Décès : Christian de Duve nous laisse face à nos immenses défis
Le Prix Nobel belge, Christian de Duve est mort samedi à 95 ans d’une euthanasie. Immense chercheur, il mettait en garde contre l’évolution suicidaire de notre humanité. Évocation.
- Publié le 06-05-2013 à 16h19
Christian de Duve est mort samedi matin, à l’âge de 95 ans, entouré de siens. Sa santé s’était brusquement dégradée ces derniers mois et, après une grave attaque début avril, il avait choisi l’euthanasie. Il s’en explique à titre posthume dans « Le Soir » de ce lundi, ayant réservé à Béatrice Delvaux, l’annonce de sa mort. « Si cela continue comme cela, ce sera l’apocalypse, lui disait-il, la fin ». Il a préféré agir en homme libre : « La mort, ajoutait-il, ce serait beaucoup dire qu’elle ne m’effraye pas, mais je n’ai pas peur de l’après car je ne crois pas. Lorsque je disparaîtrai, je disparaîtrai, il ne restera rien. »
Il sera incinéré dans la plus stricte intimité.
Il était le dernier Prix Nobel belge encore en vie. Immense chercheur, il fut aussi un bâtisseur, créant l’ICP, l’Institut de pathologie cellulaire, rebaptisé Institut de Duve, un centre d’excellence mondial. Les trente dernières années de sa vie, il fut surtout un pédagogue, expliquant dans des conférences et des livres formidables, les secrets de la vie. Il s’affirma aussi comme un penseur inquiet de l’évolution du monde qui, pour lui, fonce droit sur un mur à cause de l’égoïsme « génétique » (le « péché originel de l’homme », disait-il) des individus et des groupes incapables de voir rationnellement ce qu’il faut faire à long terme pour assurer la survie solidaire de la planète. Il n’hésitait pas à envisager à moyen terme, la fin possible de l’humanité telle que nous la connaissons. Professeur à l’UCL, il avait pris ses distances par rapport à une Eglise officielle dont il pouvait critiquer très durement le comportement, mais aussi par rapport à la religion, expliquant ces dernières années son choix pour l’agnosticisme et s’affirmant « non-croyant.
Les jeunes et les femmes
Nous l’avions rencontré pour la dernière fois en octobre dernier, dans sa maison de Nethen (Grez Doiceau), toujours élégant et souriant, soucieux de la précision de chaque mot qu’il utilisait (relire l’interview à la page suivante). Gardant aussi jusqu’au bout, un appétit de vivre, un sens de l’humour, la joie de retrouver ses petits-enfants et ses amis, que rien, pas même le décès de sa chère Ninon, son épouse, n’avait altéré. A côté de sa rigueur intellectuelle, il pouvait être un boute-en-train racontant, par exemple, de manière hilarante des anecdotes sur ses séjours à l’Académie vaticane, près des « monsignore ».

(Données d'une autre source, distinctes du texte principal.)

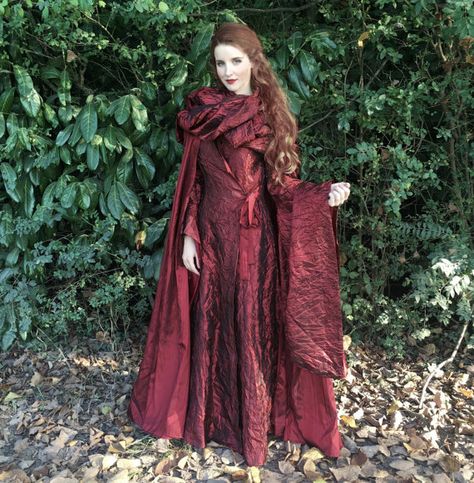 Daenerys Qarth, Melisandre Costume, Sorceress Costume, Cloak Dress, Red Cloak, Got Costumes, Game Of Thrones Cosplay, Game Of Thrones Costumes, Black And Silver Dress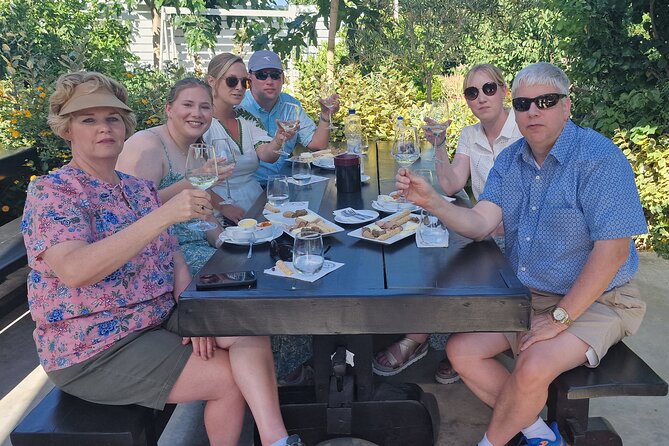 Santorini: 4hr Private Wine Tasting Tour - Getting to the meet point: Cable Car Upper Station matters
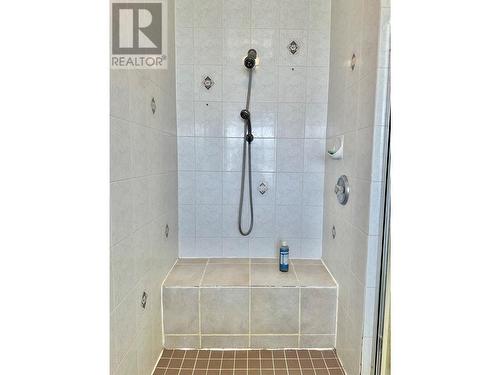 272 Park Rill Road, Oliver, BC - Indoor Photo Showing Bathroom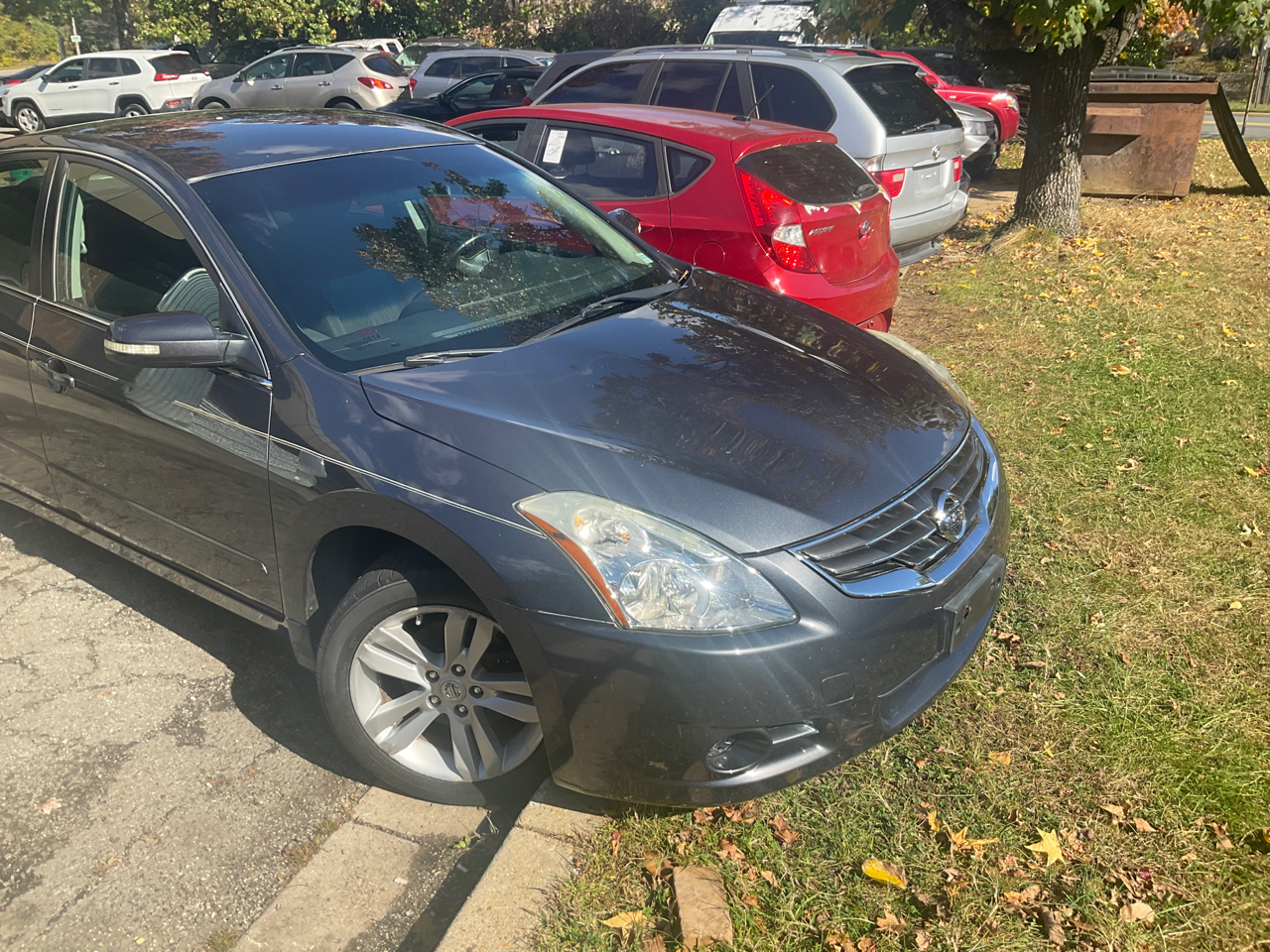 Nissan Altima 4dr Sdn V6 CVT 3.5 SR 2011 Nissan Altima 4dr Sdn V6 CVT 3.5 SR 2011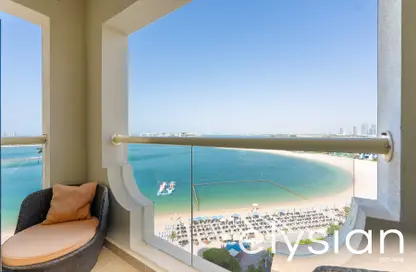 Apartment - 2 Bedrooms - 3 Bathrooms for rent in Al Nabat - Shoreline Apartments - Palm Jumeirah - Dubai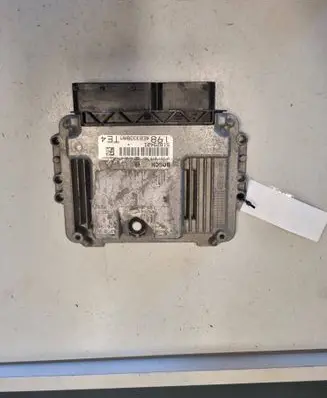 Fiat Bravo Engine control unit/module ECU 0281015401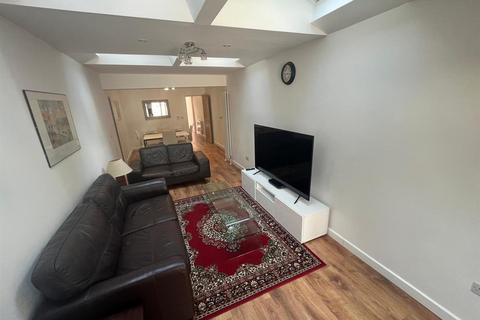 3 bedroom house to rent, Swan Drive, Colindale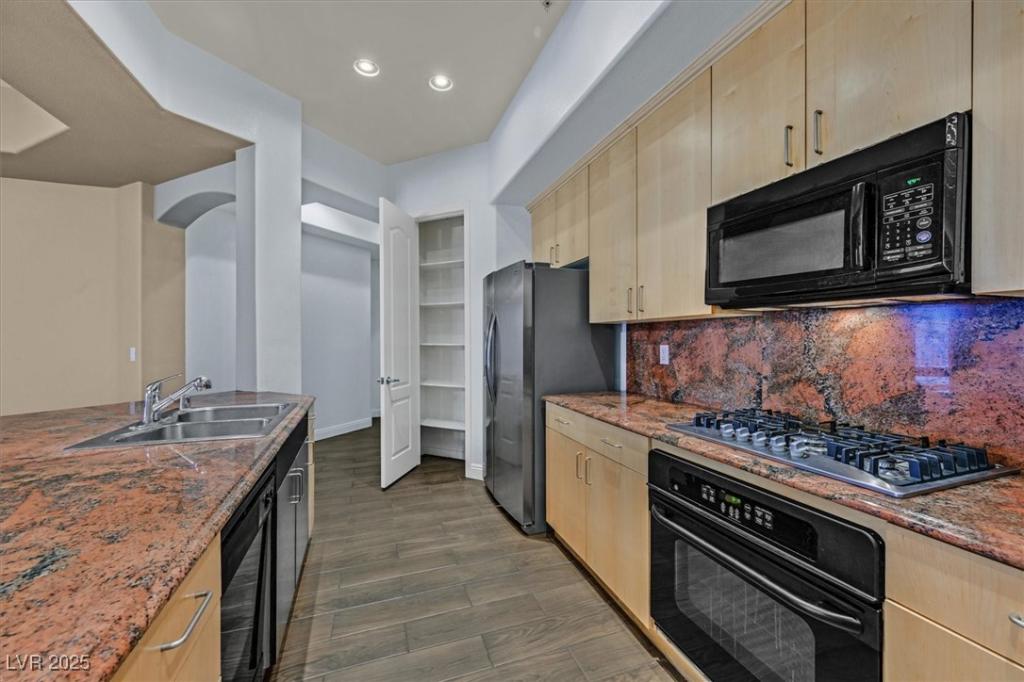 MLS #2646398 image #0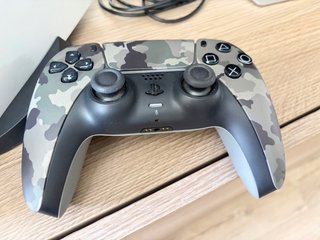 PS5 600GB + 1TB Tarjeta + Mando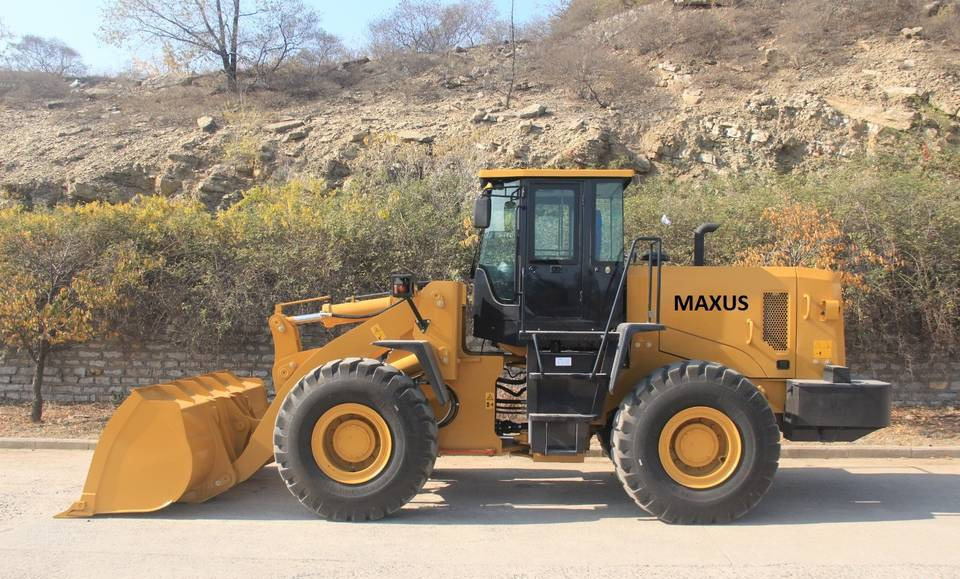 NEW MAXUS Steyr 16 TON Wheel Loader Warranty up to 10 YEARS НОВА Копарка колісна MAXUS Steyr 16 ТОН Гарантія до 10 РОКІВ NOWA Ładowarka Kołowa MAXUS Steyr 16 TON Gwarancja do 10 LAT - Kolový nakladač: obrázek 2 NEW MAXUS Steyr 16 TON Wheel Loader Warranty up to 10 YEARS НОВА Копарка колісна MAXUS Steyr 16 ТОН Гарантія до 10 РОКІВ NOWA Ładowarka Kołowa MAXUS Steyr 16 TON Gwarancja do 10 LAT - Kolový nakladač: obrázek 2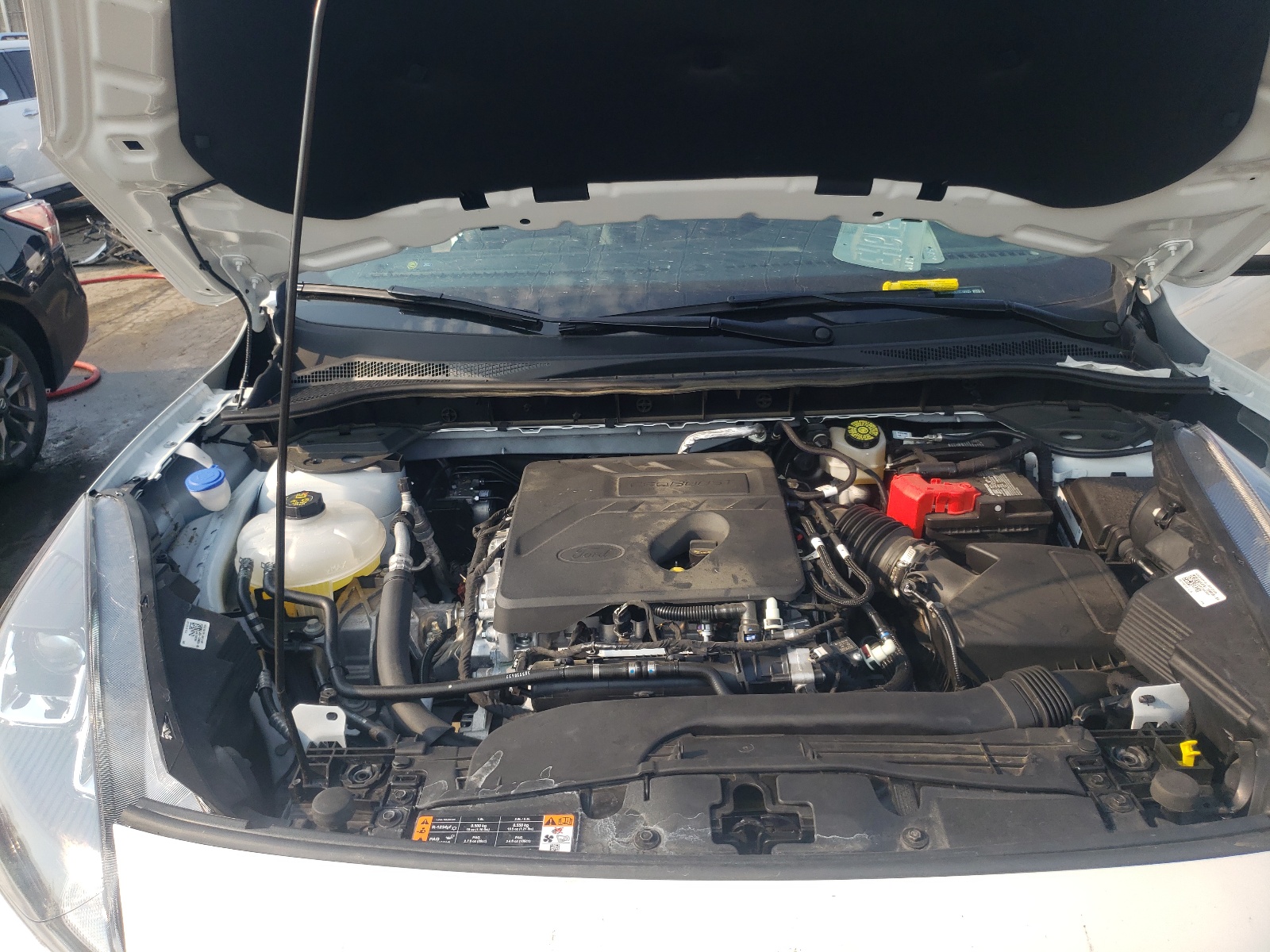 Photo 7 from auction – 2020 FORD ESCAPE SEL with VIN 1FMCU9H63LUC18926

Il y a trois ans, nous lui demandions ce qu’il aimerait qu’on dise de lui à sa mort : « On pourra dire tout ce qu’on veut, je serai mort. Cela m’est égal. J’ai tâché de faire au mieux. J’aimerais juste laisser un bon souvenir à mes enfants. »
Il laissait ce message aux jeunes : « L’avenir est entre leurs mains. Il est inutile de regretter le passé. Il faut juste le regarder pour en tirer des leçons pour l’avenir. Moi, je suis au bout du rouleau. Je profite du crédit qu’on donne encore aux vieux, même si un dicton anglais dit qu’il n’y a pas plus fou qu’un vieux fou. Je dis donc aux jeunes : tâchez de faire mieux que nous et de ne pas répéter les erreurs de vos parents. Mais je reste inquiet. En Belgique, par exemple, je suis triste de voir comment, en politique, le passionnel l’emporte sur le rationnel. Je suis triste de voir où en est ce pays que j’ai beaucoup aimé et pour lequel je suis rentré spécialement des Etats-Unis où j’aurais pu rester. Mais j’avoue ma totale incompétence pour dire ce qu’il faudrait faire. J’ai plus de confiance dans les femmes que dans les hommes pour construire cet avenir qui j’espère, sera sage. »
La piscine
Il expliquait volontiers son exceptionnelle longévité par la chance d’avoir hérité de bons gènes à la loterie de la vie et par son habitude, suivie presque jusqu’au bout, de faire chaque jour, 40 longueurs dans sa piscine (800 m !). Il venait de publier en janvier, un livre passionnant sur ce qu’il appelait ses « sept vies ». ("Sept vies en une, mémoires d’un Prix Nobel", chez Odile Jacob). On y découvrait avec passion ce qu’est l’existence d’un grand chercheur. L’histoire de ses recherches recoupant exactement les décennies prodigieuses où, enfin, on a compris les mécanismes de base de la vie.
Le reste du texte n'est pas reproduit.